Eileen Gu a officiellement inscrit son nom dans l’histoire olympique. Avec sa dernière performance sur le podium aux Jeux olympiques d’hiver, Gu possède désormais cinq médailles olympiques, soit plus que toute autre skieuse de freestyle park et pipe de l’histoire. Et remarquablement, il lui reste encore une épreuve à concourir : le halfpipe.

À seulement 22 ans, Gu a redéfini ce qui est possible en ski libre olympique. Au cours de deux Jeux, elle a fait preuve d’une polyvalence rare, en participant à des compétitions – et en remportant des médailles – dans plusieurs disciplines, notamment le big air, le slicestyle et le halfpipe. Dans un sport où la plupart des athlètes se spécialisent dans une épreuve, Gu a toujours concouru et remporté des médailles dans trois. En 2022, aux Jeux olympiques de Pékin, Gu a remporté l’or dans les épreuves de halfpipe et de big air, ainsi que l’argent en slicestyle. Aujourd’hui, lors des Jeux olympiques de 2026 à Milan-Cortina, elle a décroché deux autres médailles d’argent en Slopestyle et en Big Air.

Jeux olympiques d'Eileen Gu

Son total de cinq médailles établit une nouvelle référence pour le ski libre olympique, surpassant tous les hommes et femmes qui ont concouru dans cette discipline depuis qu’elle est devenue un sport olympique à part entière. Cet exploit souligne non seulement la longévité, mais aussi la portée : l’amplitude du big air, la technicité du slicestyle et la précision du halfpipe exigent toutes des compétences, des approches d’entraînement et une préparation mentale différentes. Derrière elle, la Suissesse Mathilde Gremaud détient quatre médailles olympiques lors de ses campagnes 2018-2026. Malheureusement, Gremaud s’est gravement écrasée lors d’un entraînement de big air à Livigno, mettant ainsi fin à sa quête d’une cinquième médaille dans la discipline.

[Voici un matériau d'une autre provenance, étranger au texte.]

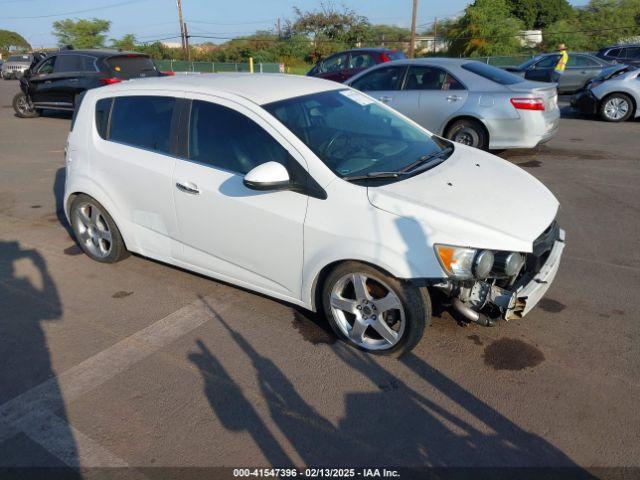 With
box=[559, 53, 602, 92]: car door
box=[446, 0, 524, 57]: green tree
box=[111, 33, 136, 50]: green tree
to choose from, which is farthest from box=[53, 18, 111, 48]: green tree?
box=[559, 53, 602, 92]: car door

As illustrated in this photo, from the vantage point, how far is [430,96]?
8445 millimetres

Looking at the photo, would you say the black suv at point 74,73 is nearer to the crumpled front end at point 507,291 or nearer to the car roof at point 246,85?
the car roof at point 246,85

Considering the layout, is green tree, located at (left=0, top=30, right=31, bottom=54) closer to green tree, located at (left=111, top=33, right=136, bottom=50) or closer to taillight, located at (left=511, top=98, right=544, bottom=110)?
green tree, located at (left=111, top=33, right=136, bottom=50)

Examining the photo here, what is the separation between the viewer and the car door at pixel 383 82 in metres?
8.84

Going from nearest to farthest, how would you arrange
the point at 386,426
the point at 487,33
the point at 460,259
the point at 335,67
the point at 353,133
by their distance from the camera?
the point at 386,426 → the point at 460,259 → the point at 353,133 → the point at 335,67 → the point at 487,33

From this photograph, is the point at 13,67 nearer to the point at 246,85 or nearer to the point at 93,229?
the point at 93,229

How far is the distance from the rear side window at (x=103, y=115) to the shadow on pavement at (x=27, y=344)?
1.43 metres

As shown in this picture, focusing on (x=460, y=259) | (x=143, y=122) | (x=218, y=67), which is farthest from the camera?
(x=218, y=67)

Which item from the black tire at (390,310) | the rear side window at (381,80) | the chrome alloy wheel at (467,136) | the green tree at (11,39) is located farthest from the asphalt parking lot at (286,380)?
the green tree at (11,39)

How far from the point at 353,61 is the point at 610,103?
6633 millimetres

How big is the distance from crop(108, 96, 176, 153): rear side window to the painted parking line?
1378 millimetres

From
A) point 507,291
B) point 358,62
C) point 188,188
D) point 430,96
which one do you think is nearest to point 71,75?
point 358,62

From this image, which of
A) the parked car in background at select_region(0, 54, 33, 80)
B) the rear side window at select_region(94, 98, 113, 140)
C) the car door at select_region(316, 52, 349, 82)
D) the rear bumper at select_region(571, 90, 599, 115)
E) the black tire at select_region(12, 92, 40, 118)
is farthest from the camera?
the parked car in background at select_region(0, 54, 33, 80)

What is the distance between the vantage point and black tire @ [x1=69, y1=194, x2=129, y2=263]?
482cm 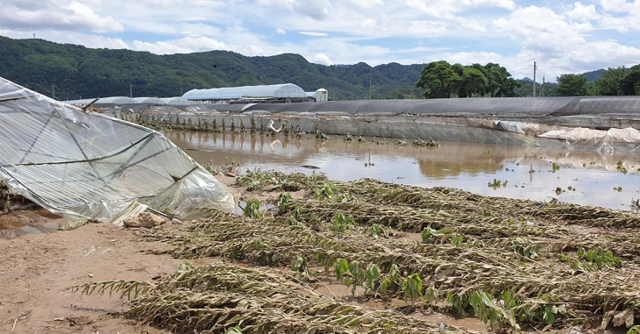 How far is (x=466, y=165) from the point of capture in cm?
1466

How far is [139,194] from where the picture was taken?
7699mm

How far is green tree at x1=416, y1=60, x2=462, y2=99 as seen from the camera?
47500 mm

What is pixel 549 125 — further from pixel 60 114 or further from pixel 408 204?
pixel 60 114

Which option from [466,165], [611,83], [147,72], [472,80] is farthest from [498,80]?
[147,72]

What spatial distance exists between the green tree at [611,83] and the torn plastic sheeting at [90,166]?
39803mm

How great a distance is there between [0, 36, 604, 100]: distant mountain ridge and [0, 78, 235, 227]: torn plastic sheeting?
5705cm

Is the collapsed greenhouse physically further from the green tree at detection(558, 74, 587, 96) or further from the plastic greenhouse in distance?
the green tree at detection(558, 74, 587, 96)

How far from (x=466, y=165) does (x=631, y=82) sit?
98.9 feet

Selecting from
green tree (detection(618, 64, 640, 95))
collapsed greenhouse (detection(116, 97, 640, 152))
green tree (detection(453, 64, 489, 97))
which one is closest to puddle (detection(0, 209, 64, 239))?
collapsed greenhouse (detection(116, 97, 640, 152))

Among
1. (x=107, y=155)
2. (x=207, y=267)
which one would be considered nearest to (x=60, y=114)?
(x=107, y=155)

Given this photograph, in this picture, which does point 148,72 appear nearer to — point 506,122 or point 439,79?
point 439,79

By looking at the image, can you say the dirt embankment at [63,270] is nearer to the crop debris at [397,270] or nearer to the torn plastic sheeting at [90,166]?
the crop debris at [397,270]

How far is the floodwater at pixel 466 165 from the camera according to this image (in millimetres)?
10367

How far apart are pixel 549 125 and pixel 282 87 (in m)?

Parmi les Américains, Gu a suscité de nombreuses critiques pour être passé de la compétition pour les États-Unis à la compétition pour la Chine avant les Jeux olympiques de 2022. Eileen Gu est la fille d’une mère chinoise et d’un père américain né en Californie. Parmi les Chinois, elle est critiquée pour avoir détenu deux passeports, un privilège refusé aux autres citoyens chinois. Cependant, lorsqu’elle parle à Gu, elle est juste là par amour du sport et dans l’espoir d’inspirer les autres. « La raison pour laquelle j’aime le ski est que c’est l’incarnation de toutes les valeurs par lesquelles je me juge : la résilience, briser les limites, faire des choses que personne ne pensait possibles », a-t-elle déclaré dans une interview à Reuters.

Le halfpipe reste toujours au programme, donnant à Gu l’opportunité d’étendre encore plus son record. Déjà la skieuse acrobatique olympique la plus décorée de tous les temps, elle a désormais la chance de créer encore plus de séparation dans les livres d’histoire.

Au-delà des chiffres, son impact a été autant culturel que compétitif. La capacité de Gu à cheval sur deux cultures – étudier à Harvard tout en concourant pour la Chine – tout en performant sous la pression olympique, fait d’elle une athlète encore plus impressionnante. Vous pouvez faire ce que vous voulez de sa décision de concourir pour la Chine, cela n’enlève rien au fait qu’elle est l’athlète de Freeski Park & ​​Pipe la plus marquante de cette génération de Jeux d’hiver.

L’histoire a déjà été écrite, mais Gu n’a peut-être pas fini de l’écrire.